Let market forces decide Sapura Energy Bhd’s fate; this is the view of some economists over the possible use of public funds or government loans to rescue the debt-laden oil and gas company, noting that any effort to save Sapura Energy must not involve public funds because these funds should not be used to protect the elites.
Sociopolitical analyst Prof Dr Awang Azman Awang Pawi said it was not necessary for the government to spend billions of people’s money for the benefit of a small group of corporates. “These are parts of the questions that many people complain about. I think the government should let the market forces decide the company’s fate,” he told the New Straits Times.
Public funds were more apt to be used for programmes that benefited the public, especially the working-class community, he added.
Awang Azman, nevertheless, suggested that the government consider letting Sapura Energy’s strategic investments or assets to be taken over by Petronas to have better efficiency, accountability, integrity and reliability.
In a Facebook posting on 20 March, former prime minister Datuk Seri Najib Razak suggested that the government should protect Sapura Energy from bankruptcy by providing loans or getting Petronas or Khazanah Nasional Bhd to take over the group from Permodalan Nasional Bhd (PNB).
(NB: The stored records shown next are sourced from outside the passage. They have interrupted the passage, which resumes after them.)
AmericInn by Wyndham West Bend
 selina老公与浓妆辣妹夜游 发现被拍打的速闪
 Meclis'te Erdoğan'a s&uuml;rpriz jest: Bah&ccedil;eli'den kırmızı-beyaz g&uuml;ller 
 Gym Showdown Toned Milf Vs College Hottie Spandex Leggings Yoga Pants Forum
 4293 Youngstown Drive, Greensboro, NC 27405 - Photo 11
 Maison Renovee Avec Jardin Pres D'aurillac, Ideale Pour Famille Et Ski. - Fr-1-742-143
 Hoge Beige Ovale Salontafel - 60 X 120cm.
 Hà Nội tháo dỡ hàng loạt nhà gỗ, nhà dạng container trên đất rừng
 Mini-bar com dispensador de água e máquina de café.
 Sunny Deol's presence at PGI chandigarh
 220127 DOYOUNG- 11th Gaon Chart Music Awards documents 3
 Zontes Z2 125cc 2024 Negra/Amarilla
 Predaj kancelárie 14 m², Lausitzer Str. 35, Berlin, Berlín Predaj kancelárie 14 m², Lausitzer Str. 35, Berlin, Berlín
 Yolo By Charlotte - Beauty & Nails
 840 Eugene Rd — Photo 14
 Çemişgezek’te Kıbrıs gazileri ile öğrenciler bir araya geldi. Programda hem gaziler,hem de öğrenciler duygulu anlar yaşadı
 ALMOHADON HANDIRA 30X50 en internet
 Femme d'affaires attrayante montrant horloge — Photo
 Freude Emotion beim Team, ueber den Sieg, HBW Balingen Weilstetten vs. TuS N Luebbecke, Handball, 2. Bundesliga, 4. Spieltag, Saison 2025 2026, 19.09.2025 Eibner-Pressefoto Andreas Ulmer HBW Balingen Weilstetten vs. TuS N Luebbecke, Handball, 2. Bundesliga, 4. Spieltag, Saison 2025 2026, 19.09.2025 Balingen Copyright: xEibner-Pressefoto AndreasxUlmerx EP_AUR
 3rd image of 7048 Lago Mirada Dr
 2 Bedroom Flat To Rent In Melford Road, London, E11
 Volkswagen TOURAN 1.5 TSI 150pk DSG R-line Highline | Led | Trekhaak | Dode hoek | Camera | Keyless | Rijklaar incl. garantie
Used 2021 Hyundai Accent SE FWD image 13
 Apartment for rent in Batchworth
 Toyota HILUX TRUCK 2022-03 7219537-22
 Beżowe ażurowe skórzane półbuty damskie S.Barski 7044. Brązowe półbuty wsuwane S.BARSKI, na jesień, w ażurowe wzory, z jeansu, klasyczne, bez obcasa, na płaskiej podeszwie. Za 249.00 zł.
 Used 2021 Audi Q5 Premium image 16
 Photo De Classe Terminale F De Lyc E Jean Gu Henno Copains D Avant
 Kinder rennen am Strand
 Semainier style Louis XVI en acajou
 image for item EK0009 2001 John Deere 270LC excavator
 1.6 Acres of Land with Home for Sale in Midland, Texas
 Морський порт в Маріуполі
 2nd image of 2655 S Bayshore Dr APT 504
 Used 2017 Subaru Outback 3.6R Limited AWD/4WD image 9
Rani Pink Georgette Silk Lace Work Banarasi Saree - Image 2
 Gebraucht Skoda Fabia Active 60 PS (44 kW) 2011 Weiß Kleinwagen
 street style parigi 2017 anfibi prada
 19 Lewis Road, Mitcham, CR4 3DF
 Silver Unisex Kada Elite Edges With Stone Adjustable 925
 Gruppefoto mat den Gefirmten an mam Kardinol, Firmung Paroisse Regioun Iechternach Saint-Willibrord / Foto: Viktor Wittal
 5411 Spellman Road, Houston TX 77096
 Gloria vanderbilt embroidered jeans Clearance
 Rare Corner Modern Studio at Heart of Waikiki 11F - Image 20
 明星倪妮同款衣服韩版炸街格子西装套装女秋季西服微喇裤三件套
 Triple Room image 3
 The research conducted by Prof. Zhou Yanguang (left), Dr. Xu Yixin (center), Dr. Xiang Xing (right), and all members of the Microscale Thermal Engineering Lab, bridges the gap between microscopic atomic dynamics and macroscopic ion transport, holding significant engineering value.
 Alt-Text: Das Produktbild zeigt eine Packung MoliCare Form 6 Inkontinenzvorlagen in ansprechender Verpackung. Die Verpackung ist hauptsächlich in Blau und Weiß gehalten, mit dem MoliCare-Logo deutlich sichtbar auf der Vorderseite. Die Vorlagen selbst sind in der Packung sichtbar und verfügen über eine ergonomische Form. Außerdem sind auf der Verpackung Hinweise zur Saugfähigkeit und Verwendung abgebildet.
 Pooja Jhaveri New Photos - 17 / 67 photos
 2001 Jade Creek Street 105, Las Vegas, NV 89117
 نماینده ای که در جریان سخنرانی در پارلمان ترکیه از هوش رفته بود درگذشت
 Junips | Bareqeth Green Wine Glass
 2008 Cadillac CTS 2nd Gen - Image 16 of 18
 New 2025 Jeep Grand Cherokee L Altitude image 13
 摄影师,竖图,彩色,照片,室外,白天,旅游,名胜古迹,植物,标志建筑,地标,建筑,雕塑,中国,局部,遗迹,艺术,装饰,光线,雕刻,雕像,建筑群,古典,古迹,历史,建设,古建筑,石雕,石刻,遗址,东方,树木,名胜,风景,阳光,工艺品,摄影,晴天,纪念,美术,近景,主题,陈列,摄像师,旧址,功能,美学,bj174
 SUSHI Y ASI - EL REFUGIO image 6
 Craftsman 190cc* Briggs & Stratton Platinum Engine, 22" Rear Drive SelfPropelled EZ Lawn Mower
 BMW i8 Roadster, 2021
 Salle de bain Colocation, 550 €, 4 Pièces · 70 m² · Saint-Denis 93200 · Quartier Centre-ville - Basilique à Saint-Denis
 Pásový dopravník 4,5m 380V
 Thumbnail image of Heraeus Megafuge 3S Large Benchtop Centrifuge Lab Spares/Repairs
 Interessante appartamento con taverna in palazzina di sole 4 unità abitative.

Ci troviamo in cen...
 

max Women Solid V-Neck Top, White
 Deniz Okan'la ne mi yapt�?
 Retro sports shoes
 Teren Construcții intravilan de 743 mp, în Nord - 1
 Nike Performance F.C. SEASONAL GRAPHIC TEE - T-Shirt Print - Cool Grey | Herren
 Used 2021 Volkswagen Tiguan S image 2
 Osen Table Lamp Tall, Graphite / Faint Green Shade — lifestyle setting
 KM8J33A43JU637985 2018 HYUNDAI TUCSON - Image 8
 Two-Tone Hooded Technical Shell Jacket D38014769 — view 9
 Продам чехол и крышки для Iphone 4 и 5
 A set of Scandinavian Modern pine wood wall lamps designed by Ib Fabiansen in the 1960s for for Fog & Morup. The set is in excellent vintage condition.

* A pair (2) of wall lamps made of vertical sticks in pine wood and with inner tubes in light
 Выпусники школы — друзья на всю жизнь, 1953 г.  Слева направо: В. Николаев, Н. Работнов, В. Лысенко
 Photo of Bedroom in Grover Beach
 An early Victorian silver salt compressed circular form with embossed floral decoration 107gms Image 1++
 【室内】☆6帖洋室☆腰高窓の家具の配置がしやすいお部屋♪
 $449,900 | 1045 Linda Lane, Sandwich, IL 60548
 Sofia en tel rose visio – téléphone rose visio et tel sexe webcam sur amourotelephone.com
He argued that the people would face big losses if Sapura Energy was not saved, citing RM4 billion in losses to holders of PNB-owned Amanah Saham Bumiputera and RM10 billion in losses to Malayan Banking Bhd, as well as the 10,000 employees that would lose their jobs.
Sapura Energy is currently undertaking a massive debt restructuring involving banks, vendors and contractors.
Putra Business School business development manager Associate Professor Dr Ahmed Razman Abdul Latiff agreed that rescuing Sapura Energy should not involve public funds or government loans.
However, Razman said the government might consider letting Petronas take over Sapura Energy for strategic reasons, given that the national oil company still required the latter’s services for its projects.
“Petronas should bail out Sapura only if they have performed the due diligence and the takeover will give net positive value added (to Petronas). Otherwise, they should not bail it out as Petronas’ directors have duties and responsibilities to act in the best interest of the company and act in good faith.”
Meanwhile, he said there should be little concern on PNB’s exposure in Sapura Energy as it was minimal and would not influence the fund’s dividend rate much.
The investment in Sapura Energy represented less than one percent of PNB’s total asset under management.
At the stock’s current share price of four sen, PNB’s 40 percent stake has been reduced to RM223.71 million, less than 10 per cent of the RM2.67 billion it injected in 2018, not including prior investments.
He said it was important to note that PNB paid dividends to its unitholders based on dividends and capital gains realised from its overall investments.
“As for the Employees Provident Fund (EPF), its 2.9 percent stake now carries the value of RM18.5 million only, which is very little compared to its RM1 trillion of assets under management. So, the negative impact to PNB and EPF caused by the current situation of Sapura Energy will not be materially significant,” said Razman.